Neil FORSYTH - The Devil in Milton (p. 79-96)
Le Satan du Paradis perdu de John Milton (1608-1674), peut-être le personnage le plus déroutant de la littérature anglaise, a suscité polémiques et controverses. Le conférencier tâche de percer à jour les principales énigmes posées par cette figure aussi fascinante que terrifiante. Il affirme en effet que Satan est le véritable héros du poème, mais non - comme le croyait Shelley, poète romantique et révolutionnaire - à cause de ses qualités morales, mais bien parce que le diable incarne l'esprit séducteur qui préside à l'élaboration du poème dans son ensemble. Dans un premier temps, Satan est posé dans sa littérarité, plutôt qu'en tant que l'incarnation du mal; le conférencier rappelle toutefois que ce fut la croyance générale à l'époque de l'auteur, notamment quant à la présence diabolique sur scène et dans les rituels du sabbat. Sont abordés dans cette perspective, l'aspect sexuel du personnage, sous les espèces d'une morphologie serpentine, puis diverses «contaminations» entre Satan et la figure du Christ.

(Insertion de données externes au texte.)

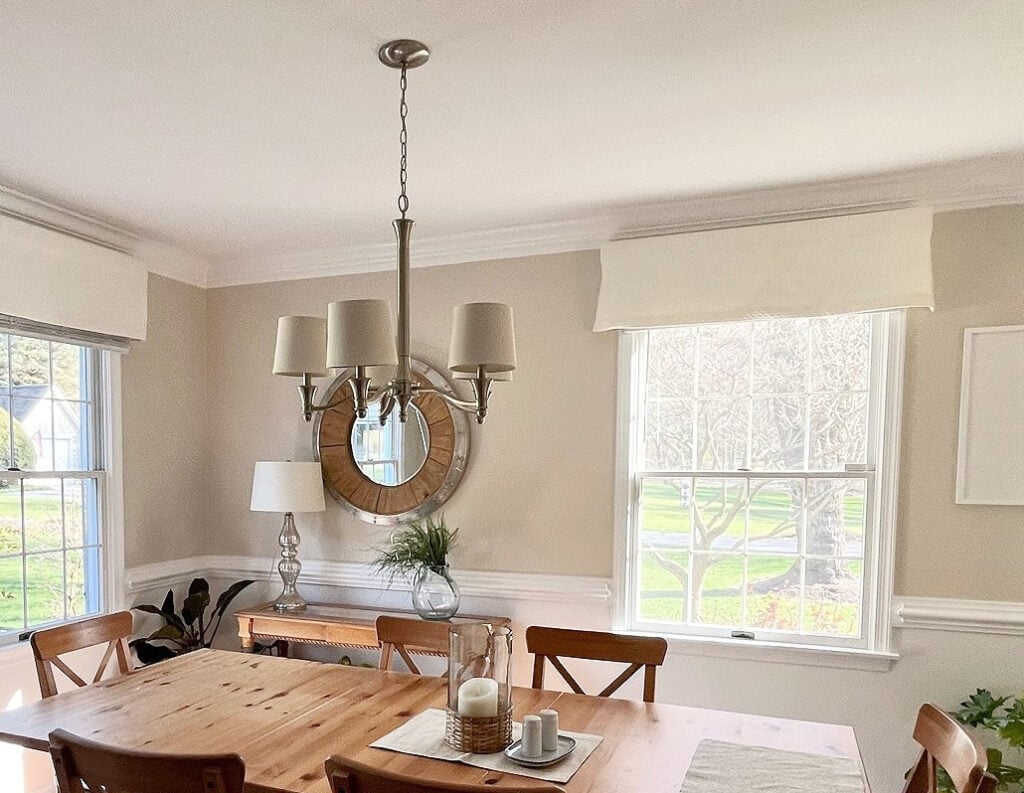 Benjamin Moore Chantilly Lace lower walls, trims, moldings, crown, and ceiling, White Sand upper walls - warm, neutral beige-tan, pine dining table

Rolf EBERENZ - L’espagnol et les langues indigènes dans l’Amérique coloniale: les discours de la politique linguistique (p. 97-118)
Si l'espagnol est à l'heure actuelle parlé par quelque 300 millions d'Européens et Américains, son apprentissage forcé par les populations indigènes du Nouveau-Monde a fait l'objet d'un débat passionné pendant toute la période coloniale. Cette discussion s'engage dès le début de la conquête, lorsque les rois d'Espagne ordonnent l'évangélisation des Indiens, mission qui devait justifier leur souveraineté sur les peuples amérindiens. Or, si la Couronne entend hispaniser petit à petit ses nouveaux sujets, les ordres religieux chargés de la catéchèse se rendent compte qu'ils ne peuvent accomplir leur tâche qu'en employant et même en cultivant les plus répandues des langues indigènes, c'est-à-dire le nahuatl, le quechua et le guarani. Le XVIe siècle voit donc l'épanouissement d'une véritable culture littéraire et spirituelle dans ces langues, au point que certains constatent avec mécontentement que la diffusion de l'espagnol n'avance guère. Un discours favorisant plus résolument la langue des colonisateurs s'affirme à partir du XVIIe siècle: les ordres religieux perdent leur influence prédominante au profit du clergé séculier qui, d'intelligence avec les autorités politiques, prétend contribuer à la cohérence de la société coloniale en forçant l'hispanisation des Indiens.
Johannes BRONKHORST - L’indianisme et les préjugés occidentaux (p. 119-136)
L'Inde a été de tout temps en Occident l'objet d'idées préconçues. L'indianisme a pu corriger la plupart de ces préconceptions, mais il en a malheureusement retenu certaines. Parmi celles-ci, l'idée de la grande ancienneté de l'Inde, qui est elle-même ancienne; pourtant, elle influence jusqu'à ce jour les efforts pour dater la période védique. Un préjugé plus récent concerne la célèbre grammaire de Panini. Elle est l'objet de l'admiration des linguistes modernes, qui ont tendance à privilégier ses ressemblances avec la linguistique d'aujourd'hui. Mais cela comporte le danger que l'on néglige d'autres aspects, peut-être moins acceptables pour la pensée contemporaine.